NOAA National Marine Fisheries Service (NMFS) has established a large marine protected area (MPA) in Alaska called the Aleutian Islands Habitat Conservation Area covering 279,114 square nautical miles. This is more than twice the size of the MPA recently established in the Northwestern Hawaiian Islands. The new MPA off the coast of Alaska is now the largest marine in the world. The NMFS recently announced similar habitat protection measures off the coast of Washington, Oregon, and California.
Is the NMFS starting to see the big picture? I’m not sure.
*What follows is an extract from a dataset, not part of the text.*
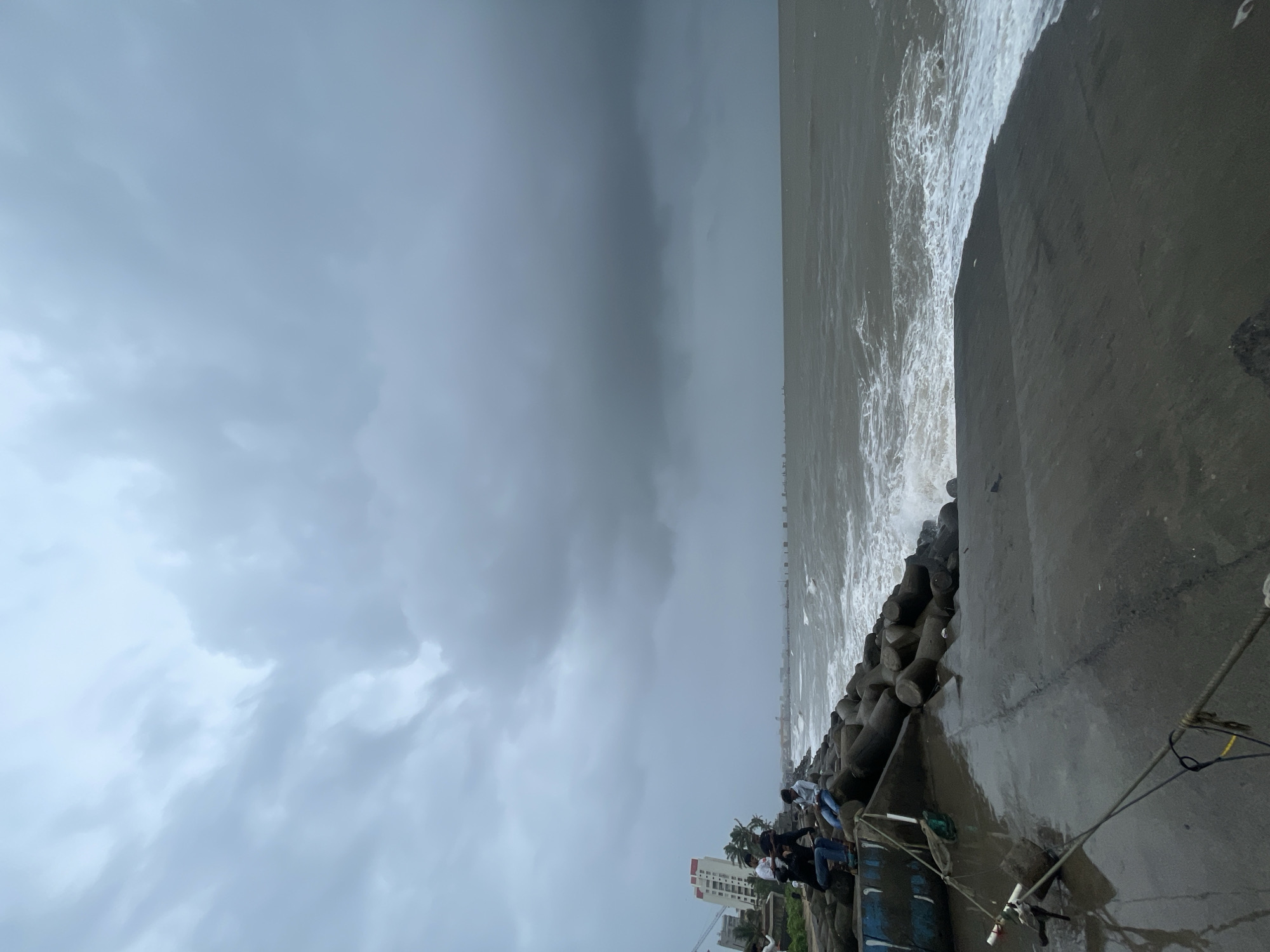 The image depicts a cloudy, overcast day at Bandra Fort, also known as Castella de Aguada, in Mumbai, India. The foreground shows a concrete walkway that is wet from recent rain or sea spray, with a rope tied to what appears to be a fishing rod assembly. To the left, a blue and white boat is partially visible, also wet. A line of large, concrete tetrapods form a breakwater along the coastline, with waves crashing against them. Several young men are seated and standing on the tetrapods, observing the turbulent sea. In the background, a tall white building with red accents and a construction crane are visible, indicating an urban setting. The sea is rough, with whitecaps and foam indicating strong winds. The sky is filled with heavy, dark gray clouds, suggesting impending rain or a storm. The overall atmosphere is moody and dramatic, typical of the monsoon season in Mumbai.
They claim the new MPA in Alaska will establish a network of fishing closures in the Aleutian Islands and Gulf of Alaska, protecting cold water corals and allowing them to recover from damage done by fishing gear. They go on to state that Six small areas in the Aleutian Islands, ten areas along the continental slope in the Gulf of Alaska, and five small areas in the Fairweather Grounds and Cape Ommaney will be closed to bottom trawling. And another fifteen areas offshore will also be closed to all bottom contact fishing gear to protect unique seamount habitats.
For a visual depiction see:
Aleutian Islands & Gulf of Alaska coral protection areas – https://www.fisheries.noaa.gov/alaska/habitat-conservation/essential-fish-habitat-alaska
I’m confused. How can this be the largest MPA when so little area is protected?
If I’m not interpreting this correctly, please let me know. But from what I can discern, this just seems like more government lip-service to me. I understand the need for market-based fisheries management and the need to protect the livelihood of fishermen, but to me, protecting so few areas from deep trawlers under the guise of “the largest MPA in the world” doesn’t make sense.